Dalam membangun hubungan dengan masyarakat, Pengasuh juga mengajak seluruh pengelola untuk mampu menyesuaikan pendekatan dakwah dan pelayanan pendidikan dengan kondisi sosial masyarakat tanpa mengurangi nilai-nilai Islam yang menjadi prinsip pesantren.

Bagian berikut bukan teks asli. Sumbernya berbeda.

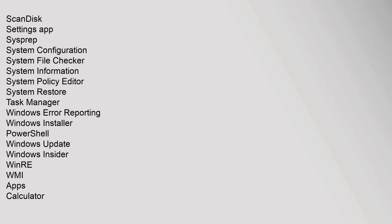CMD.EXE, Control Panel Applets, Device Manager, Disk Cleanup, Disk Defragmenter, Driver Verifier, Event Viewer, Management Console, NetSH, Recovery Console, Resource Monitor, ScanDisk, Settings App, SysPrep, System Configuration, System File Checker, System Information, System Policy Editor, System Restore, Task Manager, Windows Error Reporting, Windows Installer, PowerShell, Windows Update, Windows Insider, WinRE, WMI. Apps: Calculator,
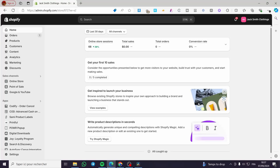Avada Trust Badges Shopify app tutorial. Hello guys, and welcome to this new tutorial. Today I'm going to show you how you can install the Avada Trust Badges app into your Shopify store and make those labels for the products on your Shopify. All you need to do is follow the tutorial from the beginning to the end, and you will be good to go.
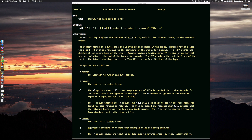Here is an example of spitting out the last two lines of a file. The default behavior — if you issue the tail command with just the name of the file — is to spit out the last ten lines, which is the equivalent of using tail -n 10.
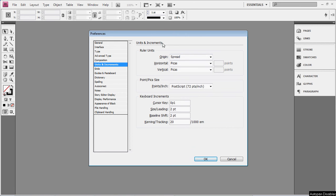Now, the default setting is Picas, and I don't even know what a Pica is. I just know that I pretty much never ever want to work in Picas. Actually, I don't, I don't because I don't know what they are.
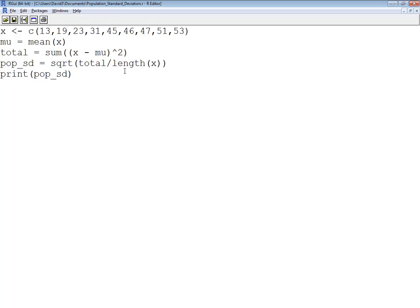In this video we took a look at how to calculate the population standard deviation using the R language.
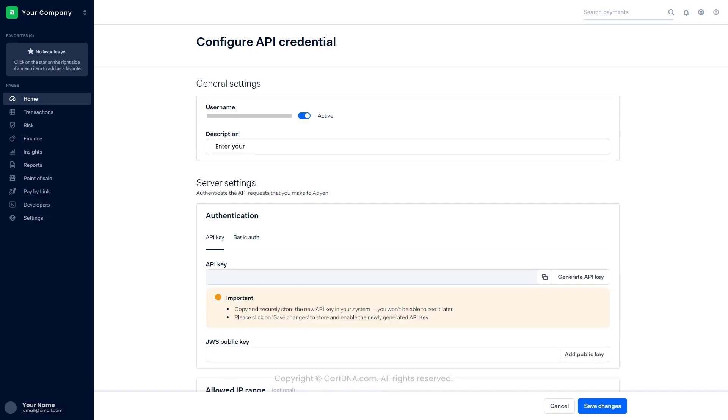Add a description in the general settings. Click on Generate API key and generate a new API key. You can copy the key by clicking on the icon, then click on Save changes.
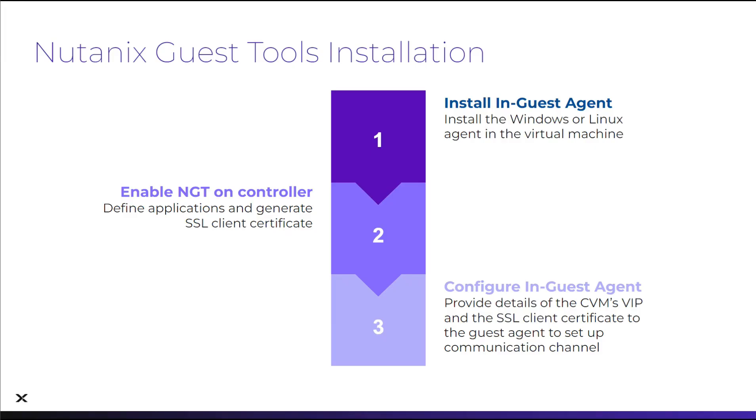NGT installation occurs in three steps: installing the agent in the VM, enabling NGT for the VM, and finally configuring the agent.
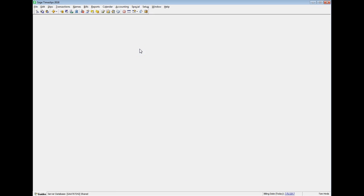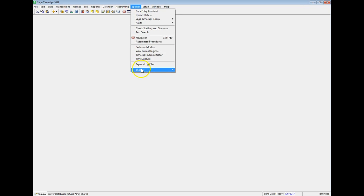After adding names in eCenter, changing names in Timeslips, or entering slips in eCenter, select Special, eCenter Transfer Data.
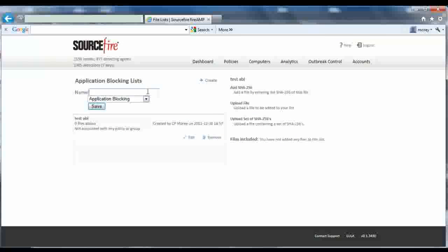FireAMP's application blocking is good for policy enforcement or zero-day protection on the endpoint. You can block an application until a patch is released, or prevent groups from using specific applications. For example, perhaps only endpoints in the marketing group should be able to access social media sites like Twitter.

Dengan cara itulah masyarakat akan merasa dekat, percaya, dan tumbuh bersama dalam perjuangan pendidikan.

Beliau juga berdialog secara langsung dengan beberapa kepala lembaga guna mengevaluasi sekaligus memastikan setiap lembaga memiliki program unggulan yang mampu menjadi identitas dan daya tarik di tengah masyarakat.
Menutup arahannya, Pengasuh menyampaikan dua pesan penting.
Pertama, خَالِفْ تُعْرَفْ — “Tampilkan keunggulan dan karakter yang membedakan agar lembaga memiliki identitas yang kuat dan mudah dikenal masyarakat.”
Kedua, beliau mengingatkan bahwa tujuan akhir pendidikan di Pondok Pesantren Matsaratul Huda bukan hanya melahirkan generasi yang sukses secara duniawi, tetapi juga memperoleh kebahagiaan akhirat sebagaimana doa:
رَبَّنَا آتِنَا فِي الدُّنْيَا حَسَنَةً وَفِي الْآخِرَةِ حَسَنَةً
Pembinaan ini menjadi penegasan bahwa estafet perjuangan para pendiri akan terus dijaga melalui peningkatan kualitas sumber daya manusia, penguatan budaya khidmah, serta komitmen bersama dalam menghadirkan pendidikan pesantren yang unggul, adaptif, dan tetap berpegang teguh pada nilai-nilai Ahlussunnah wal Jamaah.